Background: I am using urllib.urlretrieve, as opposed to any other function in the urllib* modules, because of the hook function support (see reporthook below) .. which is used to display a textual progress bar. This is Python >=2.6.

>>> urllib.urlretrieve(url[, filename[, reporthook[, data]]])

However, urlretrieve is so dumb that it leaves no way to detect the status of the HTTP request (eg: was it 404 or 200?).

>>> fn, h = urllib.urlretrieve('http://google.com/foo/bar')
>>> h.items() 
[('date', 'Thu, 20 Aug 2009 20:07:40 GMT'),
 ('expires', '-1'),
 ('content-type', 'text/html; charset=ISO-8859-1'),
 ('server', 'gws'),
 ('cache-control', 'private, max-age=0')]
>>> h.status
''
>>>

What is the best known way to download a remote HTTP file with hook-like support (to show progress bar) and a decent HTTP error handling?

Check out urllib.urlretrieve‘s complete code:

def urlretrieve(url, filename=None, reporthook=None, data=None):
  global _urlopener
  if not _urlopener:
    _urlopener = FancyURLopener()
  return _urlopener.retrieve(url, filename, reporthook, data)

In other words, you can use urllib.FancyURLopener (it’s part of the public urllib API).
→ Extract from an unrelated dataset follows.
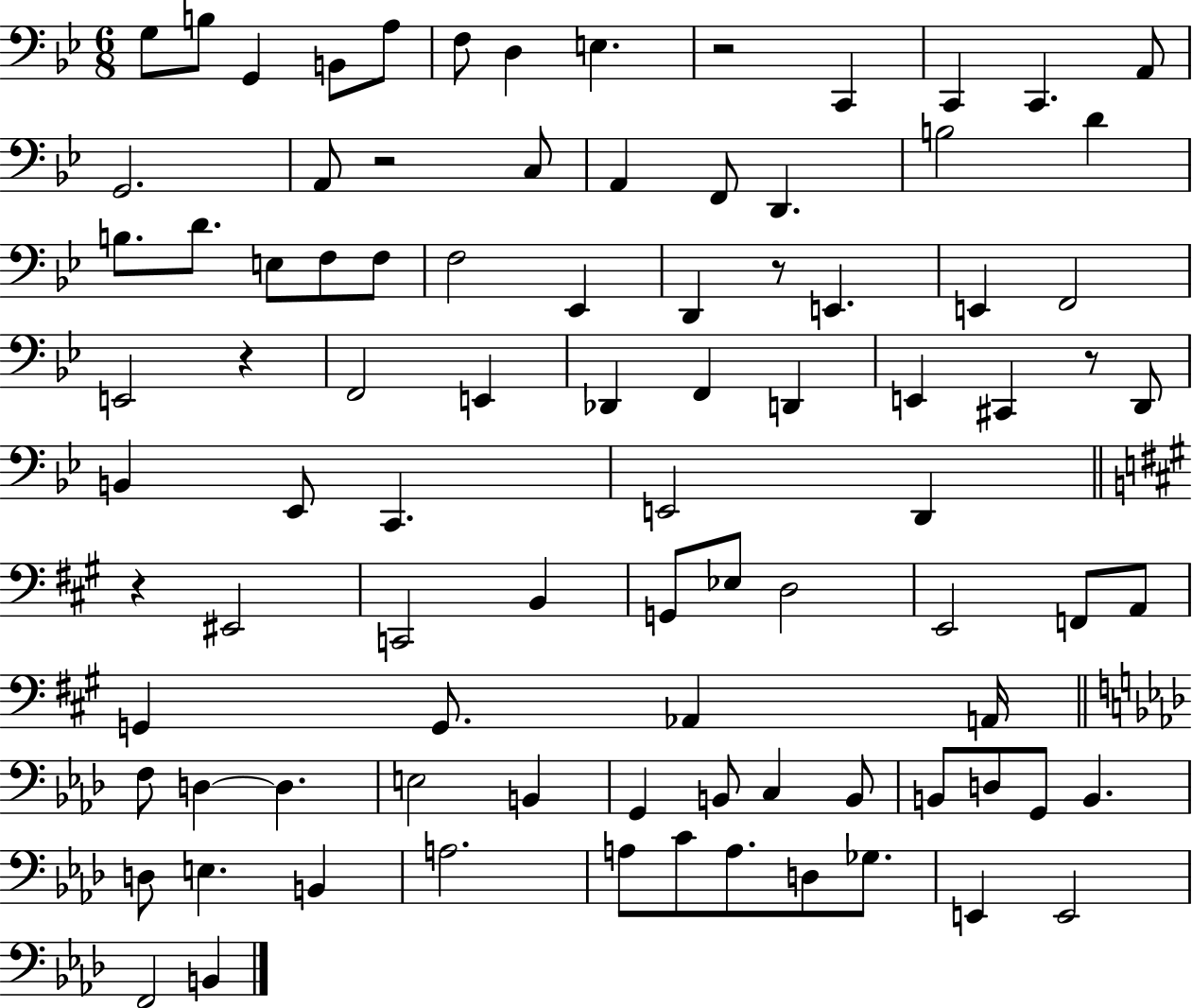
G3/e B3/e G2/q B2/e A3/e F3/e D3/q E3/q. R/h C2/q C2/q C2/q. A2/e G2/h. A2/e R/h C3/e A2/q F2/e D2/q. B3/h D4/q B3/e. D4/e. E3/e F3/e F3/e F3/h Eb2/q D2/q R/e E2/q. E2/q F2/h E2/h R/q F2/h E2/q Db2/q F2/q D2/q E2/q C#2/q R/e D2/e B2/q Eb2/e C2/q. E2/h D2/q R/q EIS2/h C2/h B2/q G2/e Eb3/e D3/h E2/h F2/e A2/e G2/q G2/e. Ab2/q A2/s F3/e D3/q D3/q. E3/h B2/q G2/q B2/e C3/q B2/e B2/e D3/e G2/e B2/q. D3/e E3/q. B2/q A3/h. A3/e C4/e A3/e. D3/e Gb3/e. E2/q E2/h F2/h B2/q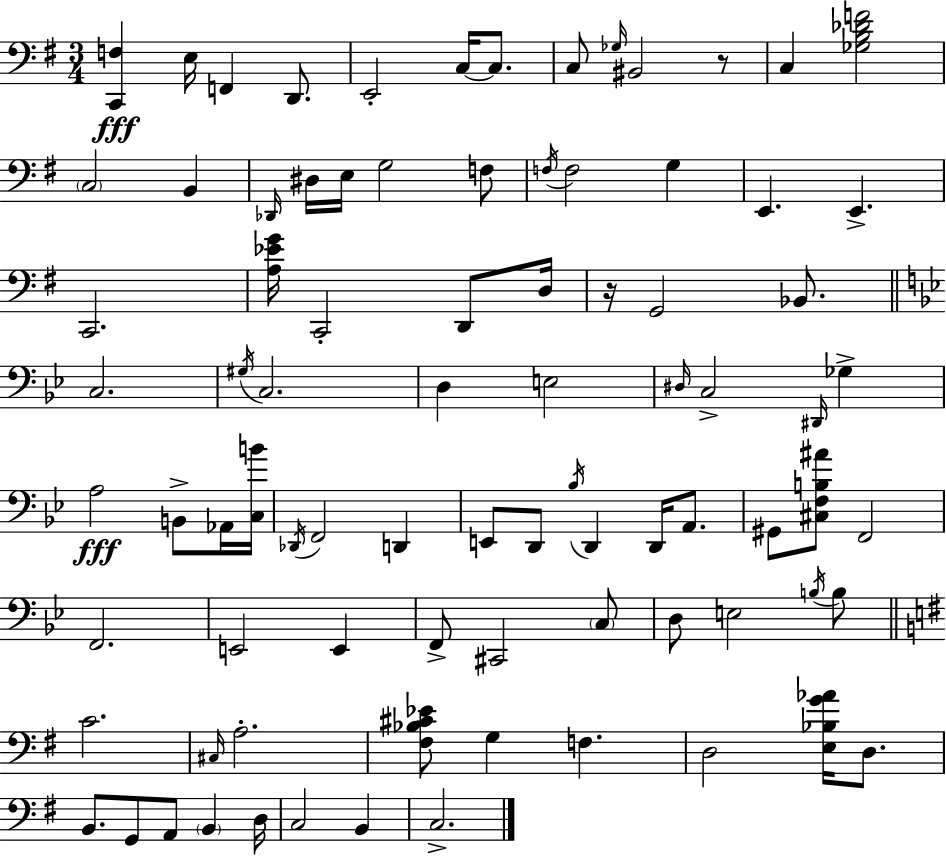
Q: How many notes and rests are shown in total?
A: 85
You can override http_error_default to detect 404s:

class MyURLopener(urllib.FancyURLopener):
  def http_error_default(self, url, fp, errcode, errmsg, headers):
    # handle errors the way you'd like to

fn, h = MyURLopener().retrieve(url, reporthook=my_report_hook)

You should use:

import urllib2

try:
    resp = urllib2.urlopen("http://www.google.com/this-gives-a-404/")
except urllib2.URLError, e:
    if not hasattr(e, "code"):
        raise
    resp = e

print "Gave", resp.code, resp.msg
print "=" * 80
print resp.read(80)

Edit: The rationale here is that unless you expect the exceptional state, it is an exception for it to happen, and you probably didn’t even think about it — so instead of letting your code continue to run while it was unsuccessful, the default behavior is–quite sensibly–to inhibit its execution.

The URL Opener object’s “retreive” method supports the reporthook and throws an exception on 404.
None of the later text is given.